Shrewd politicians understand the critical significance of the trust issue, and the damage done when a politician like Trump loses that trust. Rep. Don Bacon, a Nebraska Republican, said on “Meet the Press” that he would not back Trump in 2024, and his party must “learn the lesson (of) ‘Why did we lose in 2020?’ It was the comportment and the temperament.”

But within Republican ranks, a deeper fear than Trump losing is gaining momentum. It’s Trump winning.

A good example is Mick Mulvaney, the former Republican Congressman who served as Trump’s chief of staff. He used to defend the president, he said on CBS, but the hearings “certainly changed my mind,” and he is now convinced the president encouraged the violence on Jan. 6. “Count me among one of the Republicans who hopes he’s not the nominee at this point,” said Mulvaney.

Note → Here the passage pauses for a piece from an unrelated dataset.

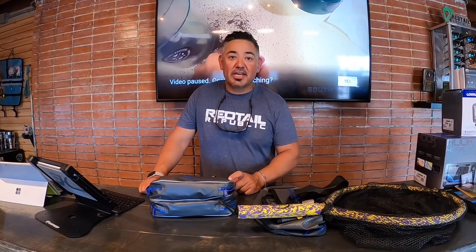Hey guys, Mike Morales here at FinFactor Kike and Tackle. Today I want to do another product highlight. I know it's been a while, but we've been extremely busy and with all the craziness with COVID, we're just ready to get back into business. So first and foremost, I want to talk about some really cool items and these involve keeping your gear dry.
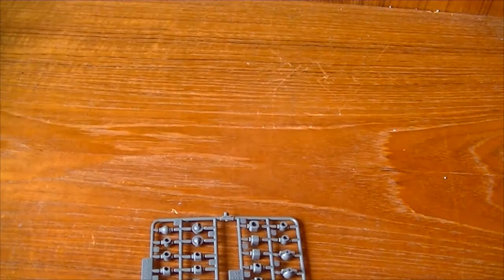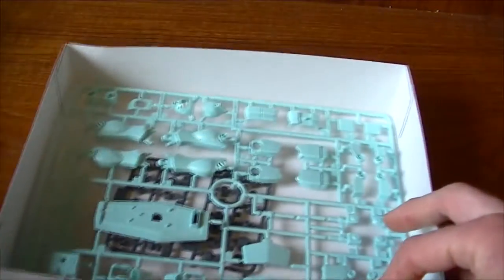Nifty little blue color. And polycaps. Can box two of these.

Then there’s Asa Hutchinson (no relation to Cassidy), the outgoing governor of Arkansas. After listening to the Jan. 6 hearings, he said on CBS that Trump’s actions posed “a threat to our democracy. That was a threat to our institutions of government. And that’s not the behavior we want to see in a responsible president.”

“Republicans,” he added on Fox News, “need to do a lot of soul-searching as to what is the right thing here, and what is the right thing for our democracy in the future, and not simply adhere to the basic instincts of some of our base.”

As that soul-searching continues, the red stain on the White House wall cannot be wiped away. It’s indelible.